John Podesta, a famed political operative who cut his teeth in three Democrat administrations, is back in the White House. This time, Podesta sits in a key transactional position where he will spearhead President Joe Biden’s climate initiatives, which should concern all Americans.
On Sept. 2nd, the White House announced that John Podesta would serve as senior adviser for Clean Energy Innovation and Implementation, where he will oversee the implementation of the $370B in green energy funds included in the partisan reconciliation package that Democrats passed in August.
Podesta will serve as chair of the president’s National Climate Task Force in support of this effort where he will be tasked with distributing the funds.
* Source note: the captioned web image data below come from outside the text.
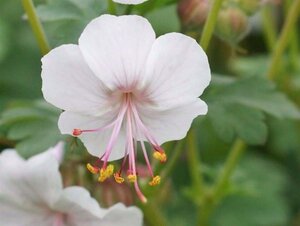 Geranium cant. 'Biokovo' geen maat specificatie 0,55L/P9cm - afbeelding 10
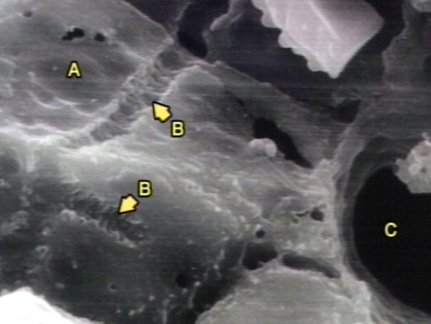 00245903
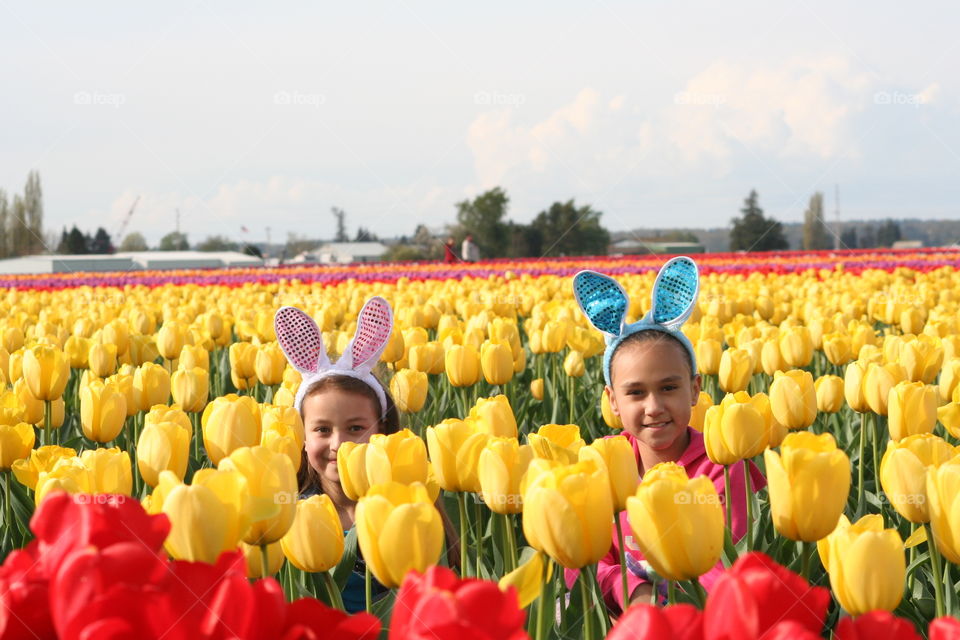 Tulip bunnies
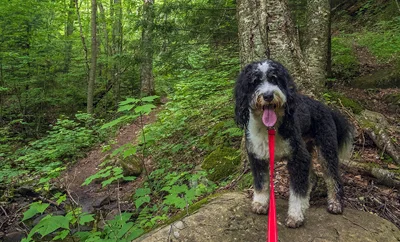 A dog with its tongue hanging out stands beside a tree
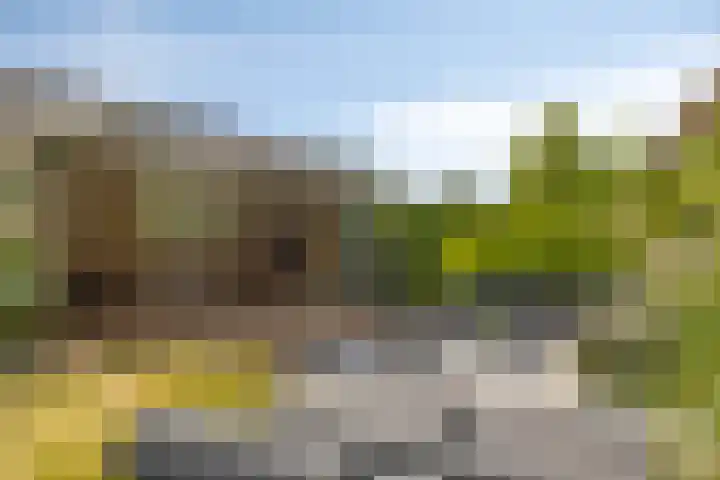 Bijenkorf 54 Hengelo thumbnail 72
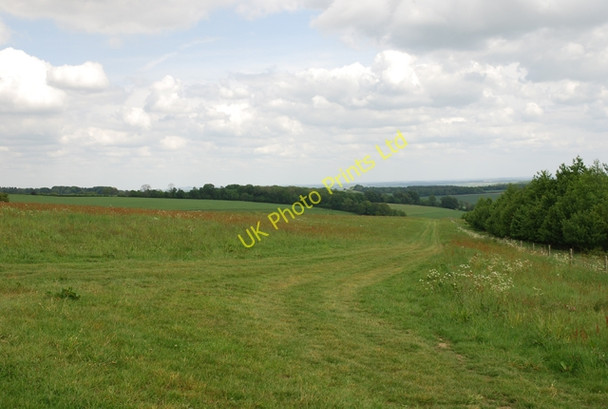 Photo 6"x4" Heading across South Down Turnworth c2007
The timing of Podesta’s hiring also comes as Biden is considering a 2024 presidential run.
The Economist noted the recent shift of the U.S. federal government playing a more significant role in an industrial policy that closely resembles that of the Chinese Communist Party (CCP).
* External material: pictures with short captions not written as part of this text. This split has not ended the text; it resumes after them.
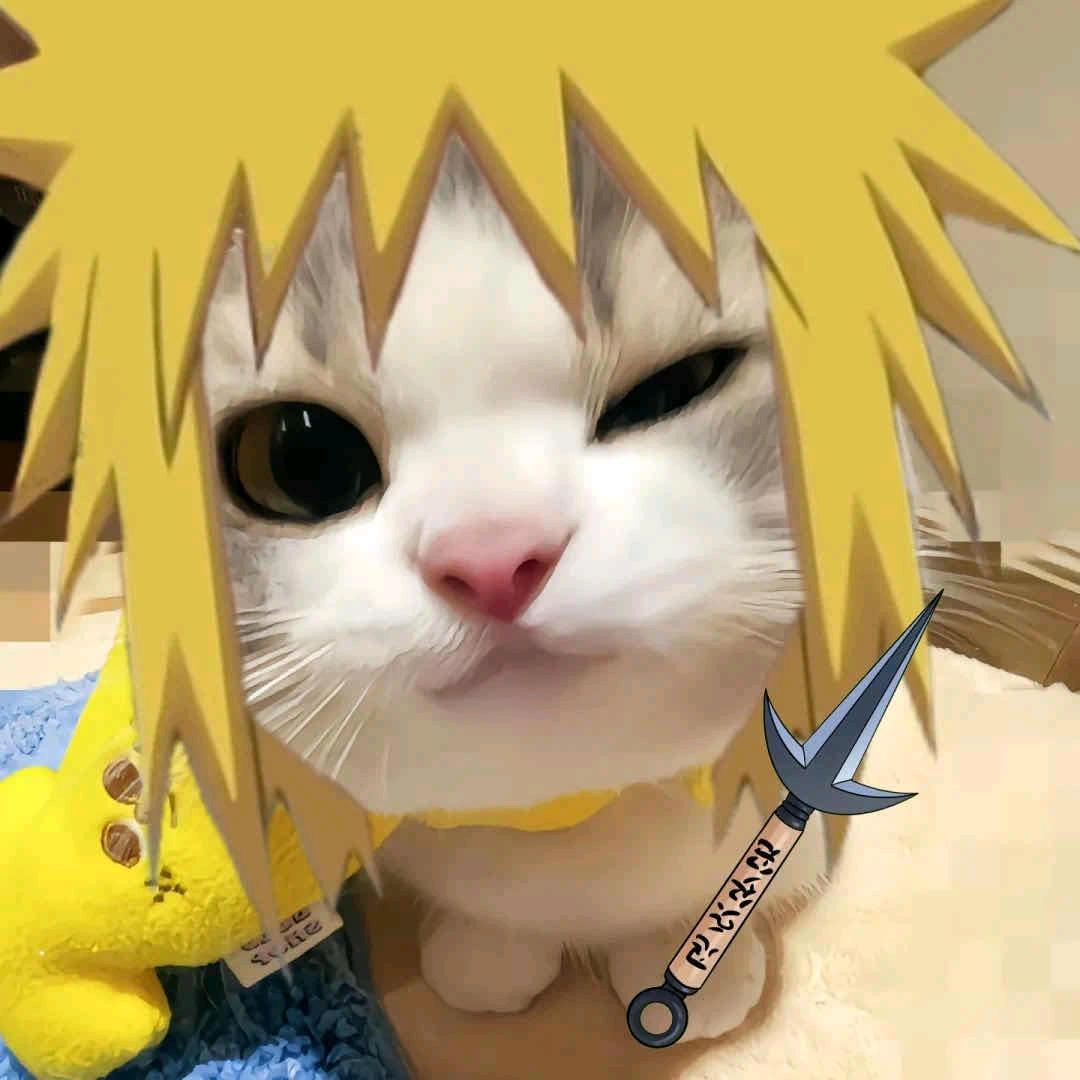 庞邢洋帆—（希梦）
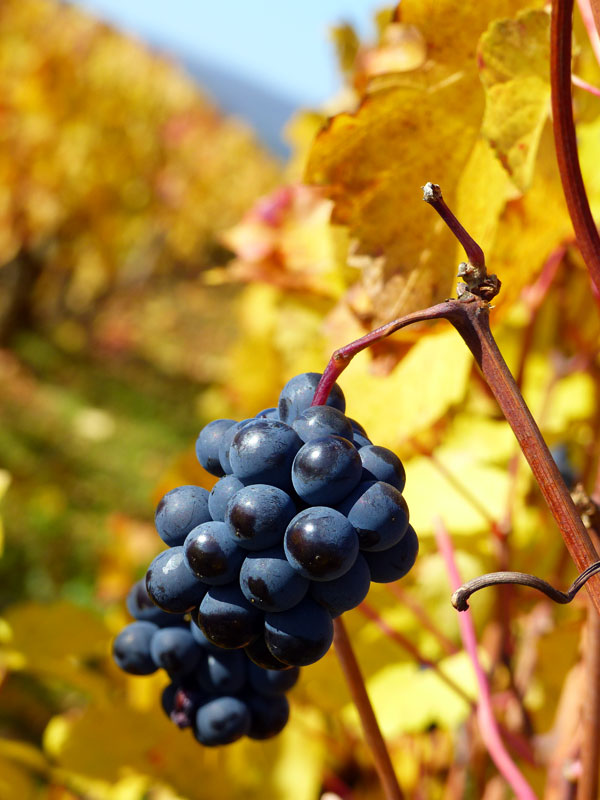 Grappe et feuilles d'or de la vigne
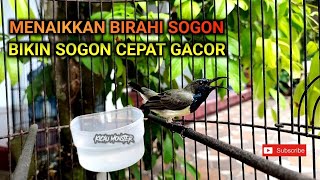 Terapi bunyi sogon Agar naik birahi dan cepat gacor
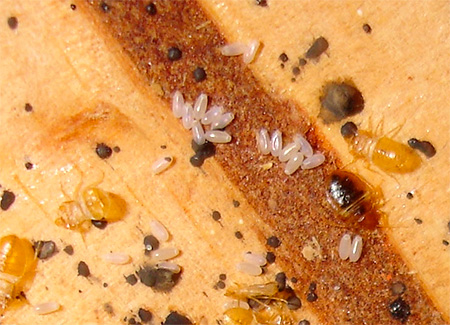 Vejce a larvy domácích chrobáků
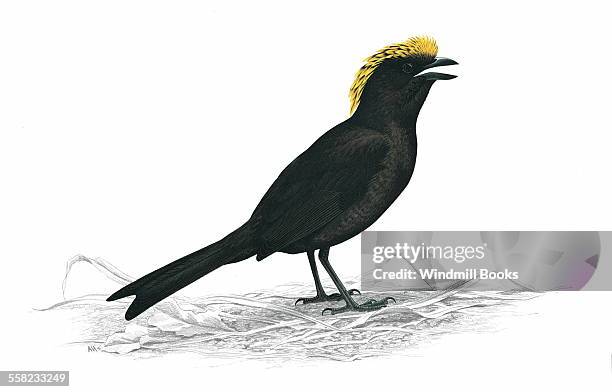 An illustration of a Golden-fronted Bowerbird.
The bipartisan infrastructure bill included $20B in clean-energy incentives and $8B towards creating electric vehicle charging stations. The CHIPS+ bill had $52B towards chips production and $170B towards research.
Taken all together, it adds to about $100B in annual spending over the next five years. Much of the scientific funding would need to be approved by Congress next year, which gives Republicans some leverage.
Podesta would have responsibility for structuring the law’s grant programs, clarifying language for tax credits, and touting its economic potential to create jobs, Politico reported. Up to this point, he will have now played a role in three of the last Democratic administrations.
He founded the Podesta Group, a lobbying firm, along with his brother Tony in 1988. Chinese technology firm Huawei has retained Podesta’s brother Tony as a lobbyist, Politico reported.
The White House has not instituted any special recusals, prohibitions, or other barriers for Podesta, even though he had backed several climate lobbying efforts before joining the administration, RealClearPolitics reported. The outlet calls attention to Podesta’s long relationship with Hansjörg Wyss, a Swiss billionaire as something that could raise red flags.
Wyss had been a financial backer of many environmental groups and progressive causes, The New York Times reported. Recipients of those funds later backed progressive causes almost exclusively and helped Democrats as they regained control of the White House.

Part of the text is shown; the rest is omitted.